EDITOR: Your article about teachers flipping the learning experience by having students follow a video of the lesson as homework prior to the next class, which is then devoted to reinforcing that lesson, reminded me of a calculus class I took as a UC freshman ("Teaching model 'flipped,' " Jan. 28).
Video wasn't involved; Polaroid was high-tech then. The professor simply handed out the lesson assignments for the whole semester on the first day and suggested we do each lesson at home prior to that lesson being taught in class. All of us who followed that strategy had a much better grasp of what the professor was teaching in class, plus if we had experienced any difficulties with the lesson at home, we knew what to look for or ask about in class.

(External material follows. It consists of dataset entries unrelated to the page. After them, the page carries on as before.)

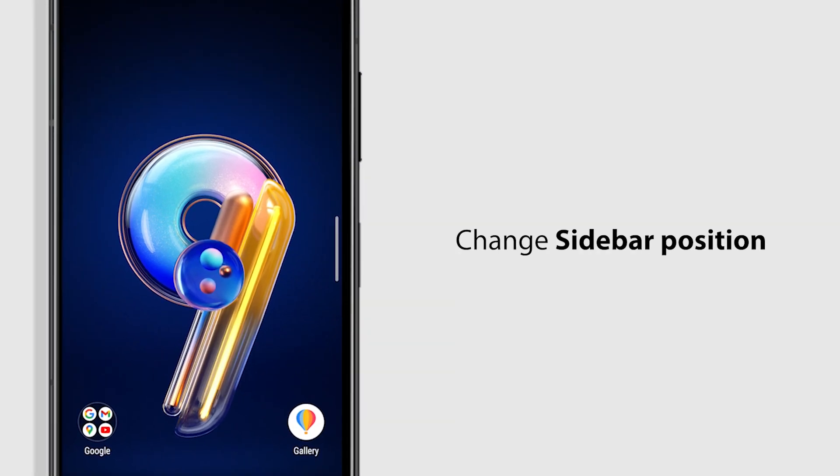To change the Edge Tool sidebar position, just long press the sidebar. Move it to the position you want.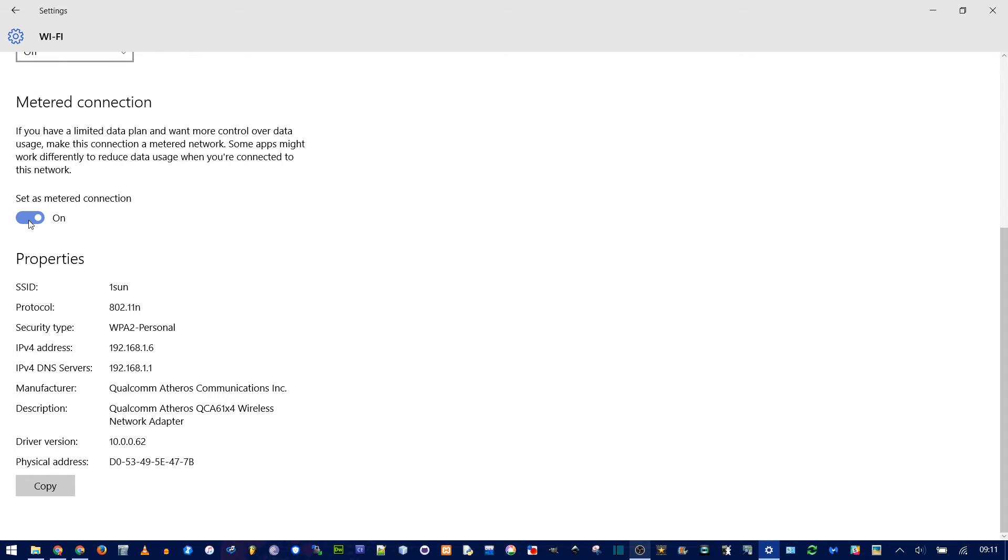This tricks Windows into thinking this is a data connection, like your phone uses, so it will minimize how much data is being used and won't do background updates. Your updates will still appear in Windows Update, you'll just get to choose when to download them.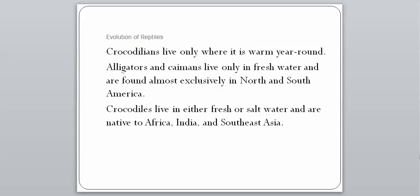Crocodilians can only live where it is warm year-round, which is why you see alligators on golf courses in Florida. Alligators are the ones found in the United States, along with their cousin the caiman, a smaller version found exclusively in fresh water in North and South America. Crocodiles can live in either fresh or salt water and are more native to Africa, India, and Southeast Asia. The easiest way to tell alligators and crocodiles apart is really just by region.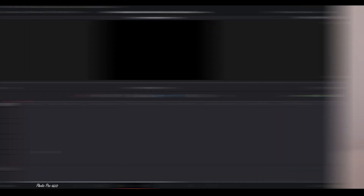So let's jump into the Edit page and start creating. Today I'm going to show you how to do the Masked Whip Transition effect in DaVinci Resolve 17, but unfortunately only in the Studio version. This is because the Magic Mask Tool is available in the Studio version only — the free version doesn't have this tool.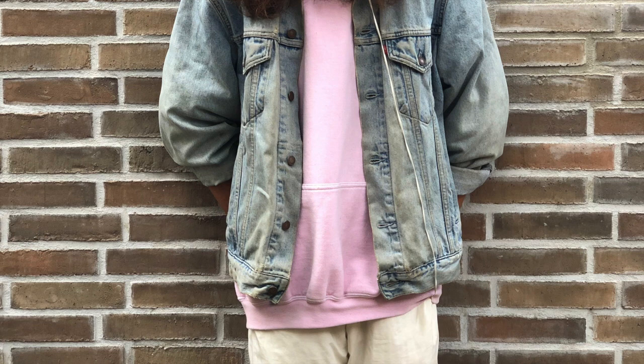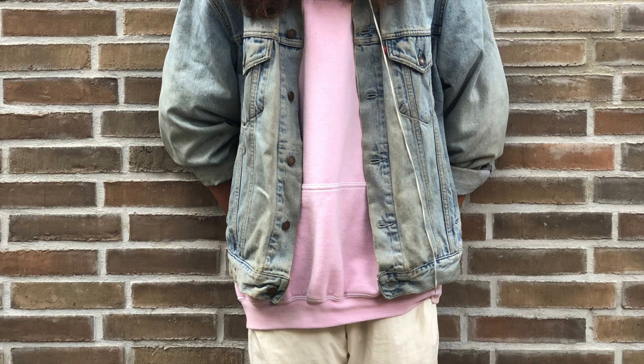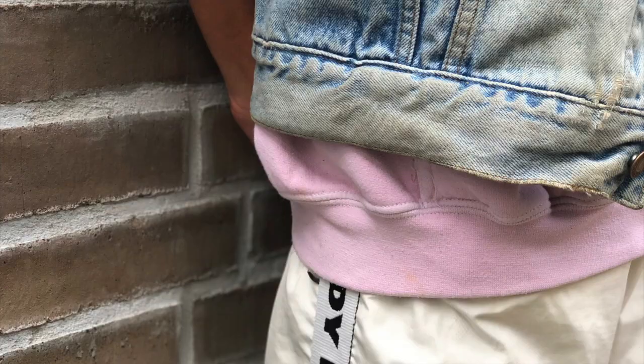Jeg synes måske det er svært at beskrive min stil. Jeg vil nok mere sige at det er en anti-stil. Jeg vil prøve at komme så langt væk fra et jakkesæt som overhovedet muligt.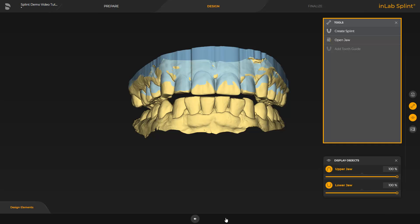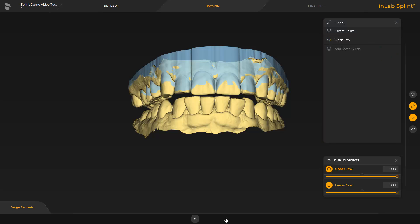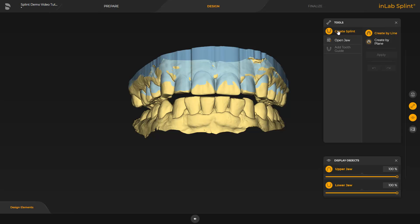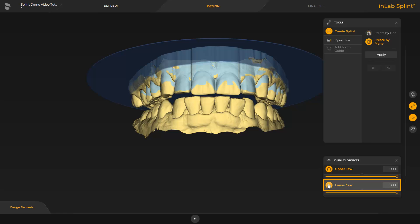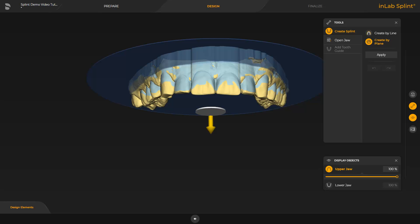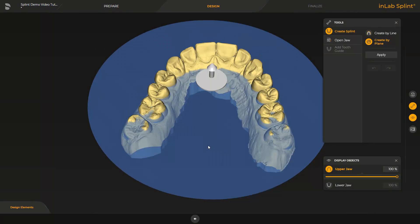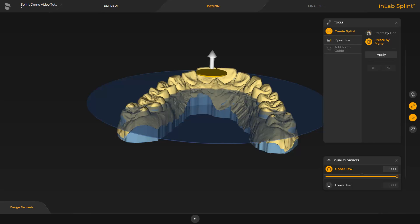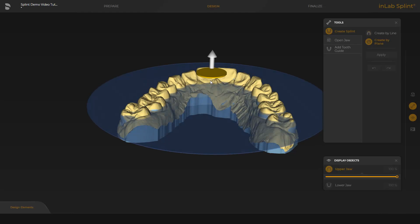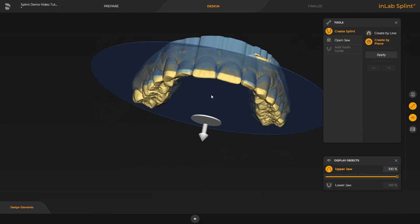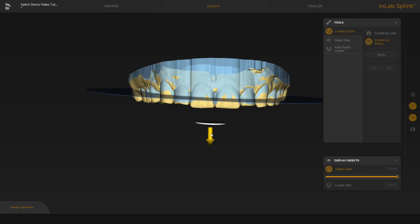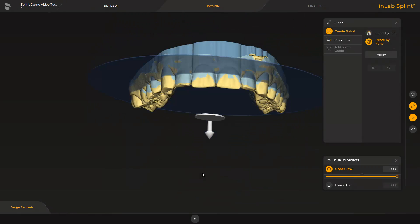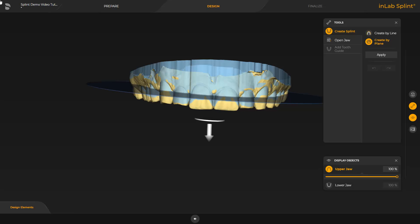The design phase contains three tools available which we are going to demonstrate next. First, we enable the create splint option. Here the splint contour can be set by drawing a line, or it can be adjusted with a plane that is displayed with the create by plane option. We disable the lower jaw and first move the plane using the yellow arrow. With the disc, the plane can be tilted. To finish, we confirm the position by tapping Apply.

The result was one of the most enjoyable, worthwhile classes I ever took and an easy "A." Nice to see a technique from the stone ages is put to good use today.
Media Center funding
EDITOR: We, the active members of the Community Media Center, have been notified that the Santa Rosa City Council will discuss the center's proposed closure today ("End likely for SR media center," Monday).
The media center is of great service. Our local talent, and great it is, has an opportunity to develop such talent in singing, playing instruments, poetry reading and more. We bring programs in English and Spanish, bringing our community closer together — much needed practice, as we well know.
Through the community calendar, we are knowledgeable about what's going on, and through some programs, we see the beauty of our city. Other projects provide tips for better health. In the summer, youngsters learn the use of technology for many purposes, including leadership and teamwork — much needed skills in the present world of work.
I firmly believe that through creativity, our health is improved, needing, thereby, fewer other services. With healthy citizens, we have fewer problems. Therefore, I encourage the city staff and the City Council to consider any suggestions that the Media Center staff may have in regards to its continuation.
YOLANDA VERA MART?EZ
A community service
EDITOR: Hats off to Jeremy Hay for his very honest and self-revealing struggle with mental illness ("Quest for mental health: Story in first person," Sunday). He has done all of us and his community a valuable service. Hopefully, we will be able to make some positive changes in the care and treatment offered to those individuals and families who are trying to get the help they need and deserve.
Tyranny of the majority
EDITOR: I agree with Mike Vandeveer ("Electoral power grab," Letters, Friday) that the Founders are rolling over in their graves but not because Republican legislators in Virginia and Ohio may change the way electoral votes are allocated. Article II, Section 1, of the Constitution gives the states the power to make that determination, so there is nothing unconstitutional about it.
Another concern Vandeveer raised is that it is anti-majority. I would like to direct readers to Federalist No. 10 by James Madison, in which he discusses the dangers of majority rule. Our Founders were not big fans of majorities, and you will find that the only place they sought to elect anyone to the federal government by majority was our representatives. Even senators were appointed by state legislatures; the 17th Amendment changed that. Our Founders did their best to avoid democracy.